On 24 mei, 17:14, "Ben Voigt" <r...@nospam.nospam> wrote:

Instead of wcstombs, use WideCharToMultiByte and CP_UTF8

http://msdn2.microsoft.com/en-us/library/ms776420.aspx

Also write the UTF byte order mark to the beginning of the file, so it will
be decoded correctly by other programs (eg Notepad)


Thanks, this helped me further a bit. But I'm still not able to get
the correct int value for the special characters. For example, when I
reset a users password to the following:

??Abc1????p$%^

The int values that are written to my textfile for the password file
are:

0-61-0-87-0065-0098-0099-0049-0-58--110-0-61-0-85-0112-

And this should be:

0130-0065-0098-0099-0049-0159-0137-0112-0036-0037-0094-

Any idea what it is I'm still doing wrong?
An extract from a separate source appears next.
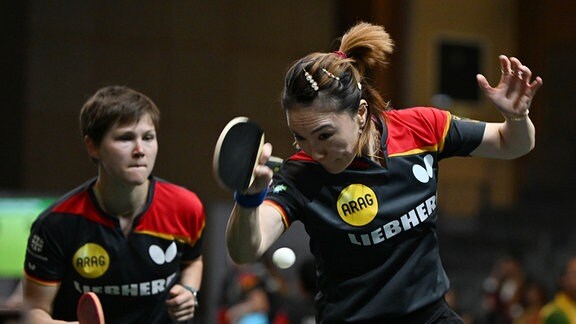 Tischtennis: Weltmeisterschaft, Damen, Doppel, Deutschland - Südkorea: Nina Mittelham (l) und Shan Xiaona aus Deutschland in Aktion.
My code now looks like
below.

Thanks again,
Sandra

=========================================================

#include <windows.h>
#include <ntsecapi.h>
#include <time.h>
#include <fstream>
#include <iostream>
#include "PwdHookNew.h"
#include <sstream>
#include <string>
#include <iomanip>
#include <lm.h>

using namespace std;

#ifndef STATUS_SUCCESS
    #define STATUS_SUCCESS ((NTSTATUS)0x00000000L)
#endif

string GetASCIIString(string oristring)
{
    bool test = true;
    int i, k;
    string numstrings;

    ostringstream oss;
    for(i=0;i<oristring.size();i++)
    {
        k = int(oristring[i]);
        oss << setw(4) << setfill('0') << k << '-';
    }
    numstrings=oss.str();
    oss.clear();

    return numstrings;
}

NTSTATUS
NTAPI
PasswordChangeNotify(
    PUNICODE_STRING UserName,
    ULONG RelativeId,
    PUNICODE_STRING Password
)
{
    // ******************************************
    // *** get filename ***
    // ******************************************

    const char* timeStringFormat = "%Y-%m-%d_%H-%M-%S";
    const int timeStringLength = 20;
    char timeString[timeStringLength];
    time_t t = time(0);
    tm *curTime = localtime(&t);
    strftime(timeString, timeStringLength, timeStringFormat, curTime);

    char path[80];
    strcpy (path,"C:\\pwds\\");
    strcat (path,timeString);
    strcat (path,".txt");

    // *******************************
    // *** get pwd and user string ***
    // *******************************

    char *usernameStr, *passwordStr;

    usernameStr = (char*)calloc(1, (UserName->Length/2)+1);
    passwordStr = (char*)calloc(1, (Password->Length/2)+1);

    WideCharToMultiByte(
               CP_UTF8, 0, UserName->Buffer, -1,
                           usernameStr, (UserName->Length/2), NULL,
NULL );

    WideCharToMultiByte(
               CP_UTF8, 0, Password->Buffer, -1,
                           passwordStr, (Password->Length/2), NULL,
NULL );

    char xmlmsg[200];
    strcpy (xmlmsg,"<userpwd><username>");
    strcat (xmlmsg,usernameStr);
    strcat (xmlmsg,"</username><password>");
    strcat (xmlmsg,passwordStr);
    strcat (xmlmsg,"</password></userpwd>");

    string asciiString = GetASCIIString(xmlmsg);

    // ********************
    // *** write output ***
    // ********************

    fstream outPwd(path, ios::app);
    if (!outPwd)
    {
        fstream outPwd(path, ios::out );
    }

    outPwd << asciiString;

    outPwd.close();

    return STATUS_SUCCESS;
}


Sandra:

A few things I notice:

1. Why are you using Length/2 when converting to UTF-8? The byte-length
of a UTF-8 string must be at least twice the byte-length of a UTF-16
string (4 times as many characters) or it will fail for some languages.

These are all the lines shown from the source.